Use Python+xpath to get download links

Source: Internet
Author: User
Tags readfile xpath

Use Python+xpath to get the download link for https://pypi.python.org/pypi/lxml/2.3/:

After using requests to get the HTML, analyze the tags found in HTML to find the link in <table class= "list" >...</table>

They were then given<trclass="Odd"> and <tr class=" even"> content, which can be written as XPath when using XPath ('//table[@class = ' list ']/ tr[@class = "even" or "odd"]/td/span/a[1]/@href ')


Import re

Import requests

Import Urllib2

From lxml import etree


Url= ' https://pypi.python.org/pypi/lxml/2.3/'

head={' user-agent ': ' mozilla/5.0 (Windows NT 6.1; WOW64) applewebkit/537.36 (khtml, like Gecko) chrome/31.0.1650.63 safari/537.36 '}


def gethtml (URL, *args):

html = requests.get (URL, *args). Content

return HTML


def writfile (cont):

Try

FD = open (' X.txt ', ' W ')

Try

Fd.write (cont)

Finally

Fd.close ()

Except IOError:

Print "File not existing!"


def ReadFile ():

Try

FD = open (' X.txt ', ' R ')

Try

All_the_text = Fd.read ()

Finally

Fd.close ()

Except IOError:

Print "File Open Error!"


Return All_the_text


html = gethtml (URL, head)

Writfile (HTML)

All_text = ReadFile ()


Dom = etree. HTML (All_text)

Url_list = Dom.xpath ('//table[@class = "List"]/tr[@class = "even" or "odd"]/td/span/a[1]/@href ')

For URL in url_list:

Print URL








After testing, the corresponding download link can be obtained normally. As a beginner, the code has a lot of inappropriate places, but also ask Daniel to correct them after reviewing.

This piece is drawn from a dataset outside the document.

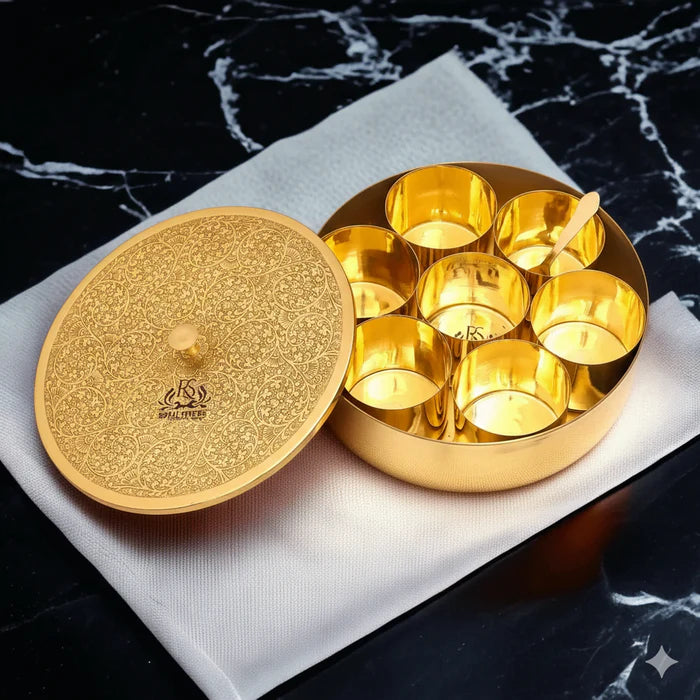 Pure Brass Spice Box (Masala Dani) Set with Lid, Spoon & 7 Containers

This article is from the "Ignorance" blog, please be sure to keep this source http://huangfuligang.blog.51cto.com/9181639/1706837

Use Python+xpath to get download links

Contact Us

The content source of this page is from Internet, which doesn't represent Alibaba Cloud's opinion; products and services mentioned on that page don't have any relationship with Alibaba Cloud. If the content of the page makes you feel confusing, please write us an email, we will handle the problem within 5 days after receiving your email.

If you find any instances of plagiarism from the community, please send an email to: info-contact@alibabacloud.com and provide relevant evidence. A staff member will contact you within 5 working days.

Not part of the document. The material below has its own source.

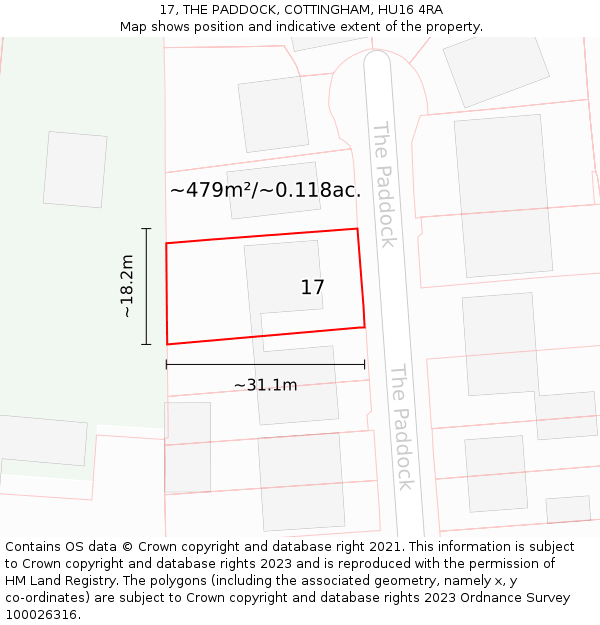 17, THE PADDOCK, COTTINGHAM, HU16 4RA: Plot and title map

A Free Trial That Lets You Build Big!

Start building with 50+ products and up to 12 months usage for Elastic Compute Service

  • Sales Support

    1 on 1 presale consultation

  • After-Sales Support

    24/7 Technical Support 6 Free Tickets per Quarter Faster Response

  • Alibaba Cloud offers highly flexible support services tailored to meet your exact needs.